Several of these all seperated by newlines. It seems to parse every individual letter of every string seperately, but I can't figure out the problem. Hopefully someone can help!


(Daniel Mitterdorfer) #2

Hi,

according to the docs, the actions parameter has to be an iterable. As you read the file now, body is of type str which in turn is an iterable of characters and this is the reason for the error that you get.

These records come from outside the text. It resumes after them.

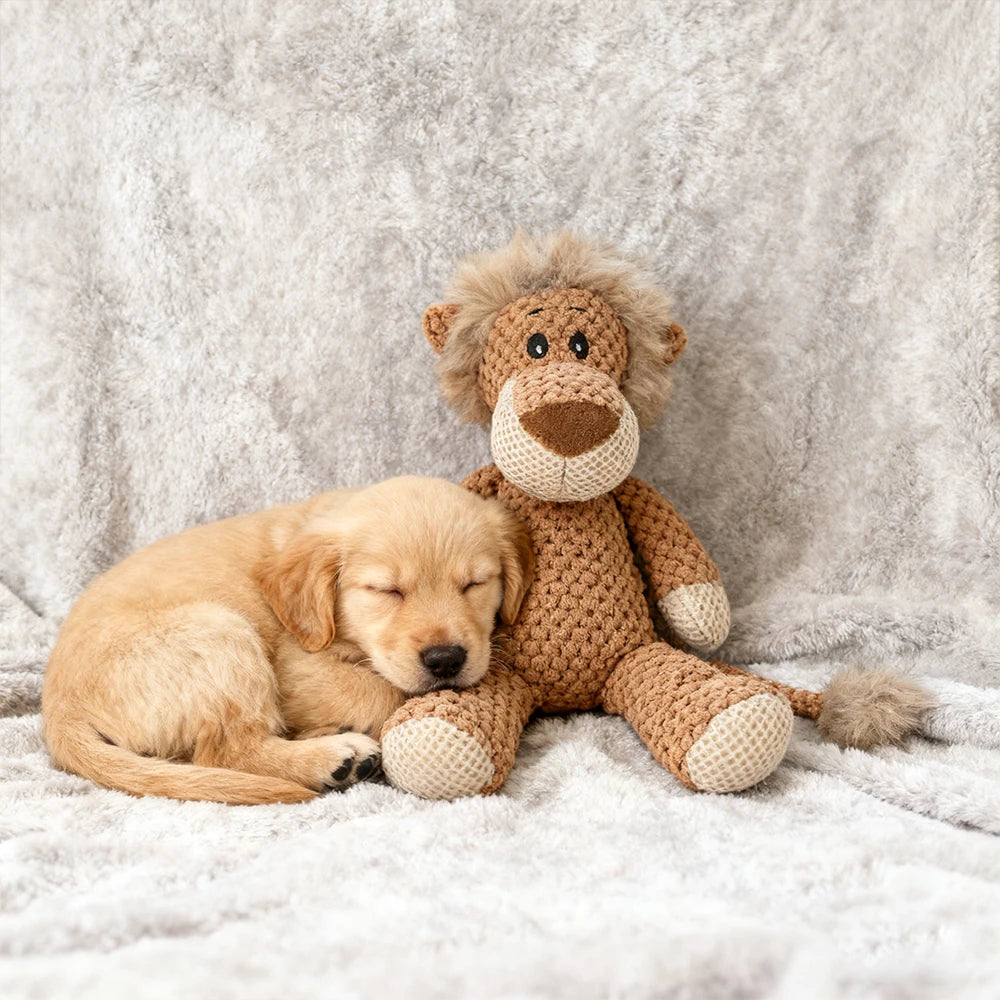 Large Dog Plush Toy Squeak Fleece Durable Chewable Cute Soft Molar Chew for Teething Small Dogs Pet Cartoon Puppy Chew Squeak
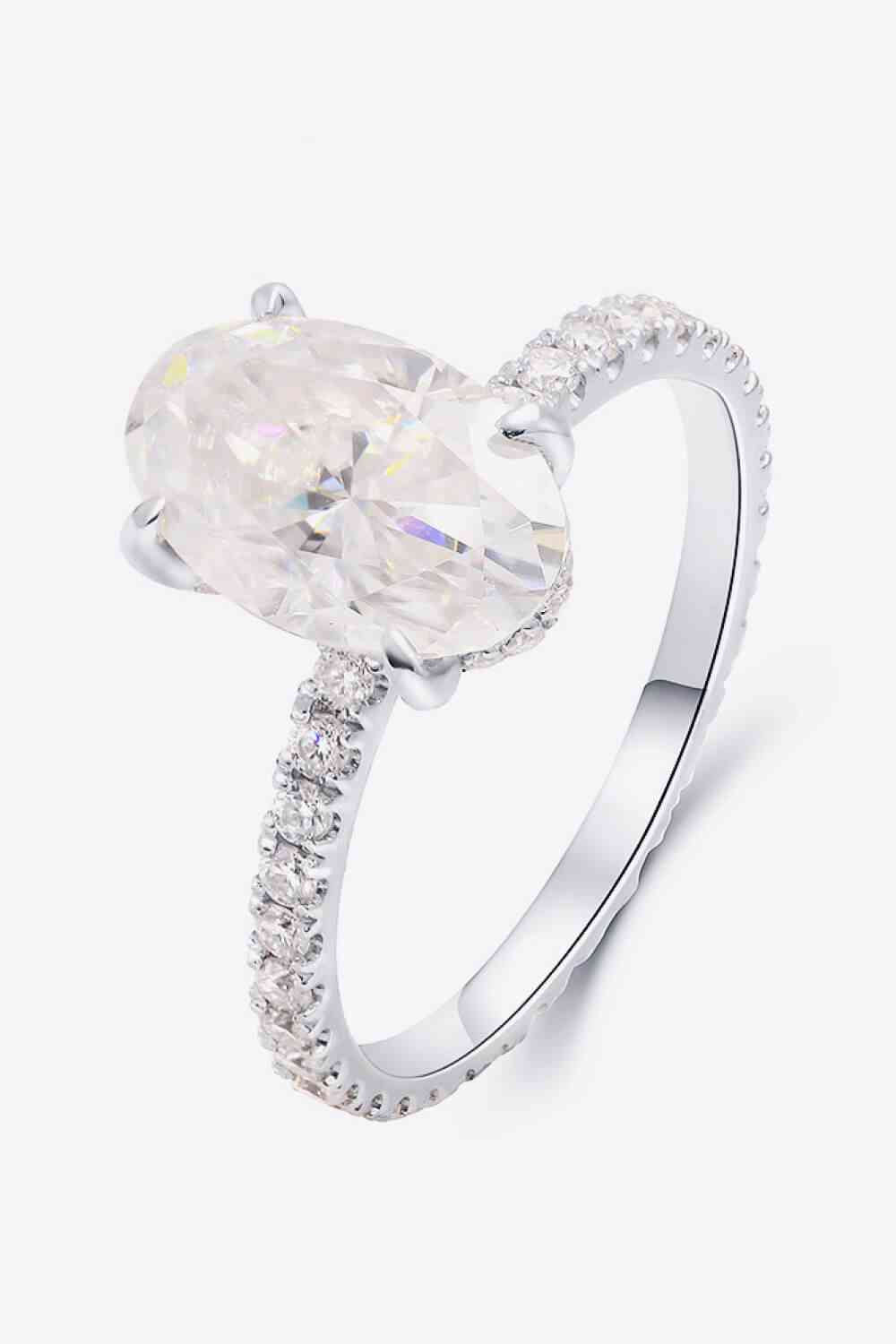 14K White Gold 2.5 Carat Moissanite 4-Prong Ring - Ladyez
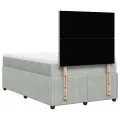 cadre de lit et matelas Gris clair 120x200cm Velours
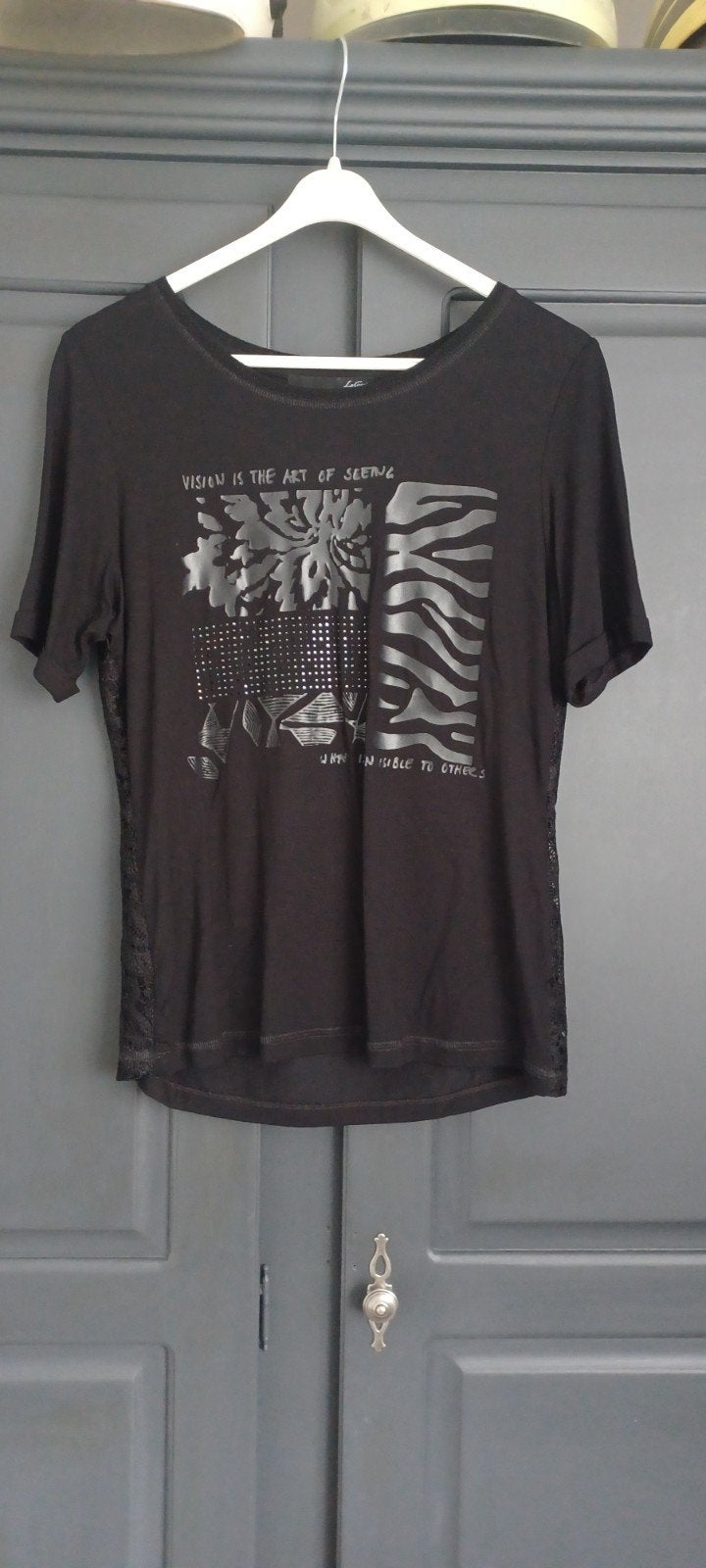 Le Comte zwart shirt maat 36, Zwart, Ophalen of Verzenden, Zo goed als nieuw, Korte mouw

Try reading the file line by line with:

with open("/Users/mariska/Documents/jsontestje14.json") as json_file:
    body=json_file.readlines()

Then it should work fine.

Note that this means that you read the whole file at once into memory which may or may not be what you want. Alternatively you can also iterate over the lines of the file, collect it the lines into a list and send the bulks yourself without using the helper.

Daniel


(system) #3

This topic was automatically closed 28 days after the last reply. New replies are no longer allowed.